New CLI Flags for CI Enforcement#

The diff command now supports additional flags for stricter CI/CD enforcement:

--fail-on-trace-drift: Exit with a nonzero status if any trace fingerprints differ between baseline and candidate runs (even if output text is unchanged). This enforces strict behavioural determinism.
--fail-on-trace-violations: Exit with a nonzero status if the number of trace contract violations increases for any record in the candidate run compared to the baseline. This helps catch regressions in structural correctness.

These flags can be combined with existing options to enforce trace-based quality gates in automated workflows.

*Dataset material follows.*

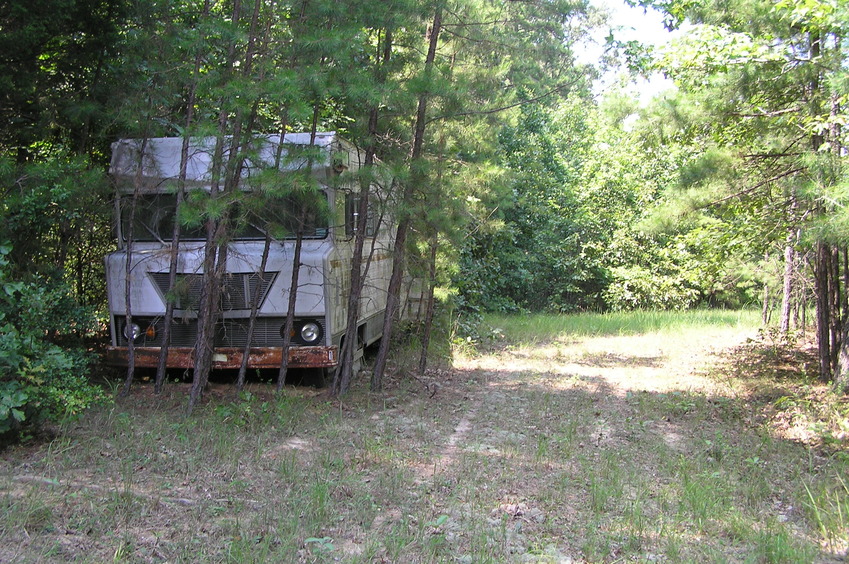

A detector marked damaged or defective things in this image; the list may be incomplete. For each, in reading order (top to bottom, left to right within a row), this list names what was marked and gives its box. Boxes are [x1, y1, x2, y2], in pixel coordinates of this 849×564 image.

rusty bumper [107, 344, 340, 370]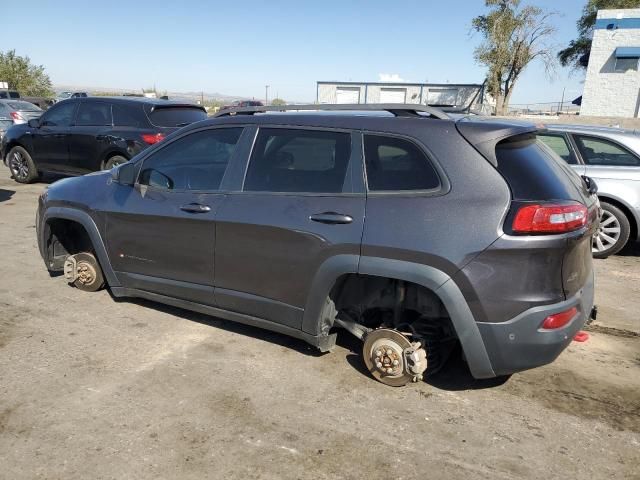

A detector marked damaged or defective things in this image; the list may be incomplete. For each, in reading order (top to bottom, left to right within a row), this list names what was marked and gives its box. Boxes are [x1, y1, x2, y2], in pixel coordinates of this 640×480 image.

exposed wheel hub [362, 330, 428, 386]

Interpreting Trace Drift and Violation Reports#

When running insidellms diff <run_dir_a> <run_dir_b>, the CLI compares trace fingerprints and violation counts for each record (identified by model, probe, and example). Output sections include:

Trace Drifts: Indicates records where the trace fingerprint changed between runs, e.g.:
```
Trace Drifts
  gpt-4 | logic | example 42: trace sha256:abc123... -> sha256:def456...
```
This means the execution trace structure changed, even if the output text did not.
Trace Violation Increases: Indicates records where the number of contract violations increased, e.g.:
```
Trace Violation Increases
  gpt-4 | logic | example 42: violations 0 -> 2
```
This means the candidate run produced more contract violations than the baseline.
Other Sections: Regressions, improvements, and changes are also reported, along with missing or new records.

You can limit the number of items shown with --limit, and use --fail-on-trace-drift or --fail-on-trace-violations to make the CLI exit nonzero if such issues are detected.

Purpose and Rationale#

Ordered Event Recording ensures that traces are stable, reproducible, and comparable across runs, independent of timing or concurrency.
Payload Redaction/Normalisation removes volatile or sensitive data, enabling deterministic fingerprinting and privacy.
Contract Validation enforces structural invariants on traces, catching regressions and unexpected behaviours early.
Trace Drift Detection provides a robust signal for behavioural changes, even when outputs are superficially similar.

For further details, see the relevant modules: tracing.py, trace_config.py, trace_contracts.py, and pipeline.py.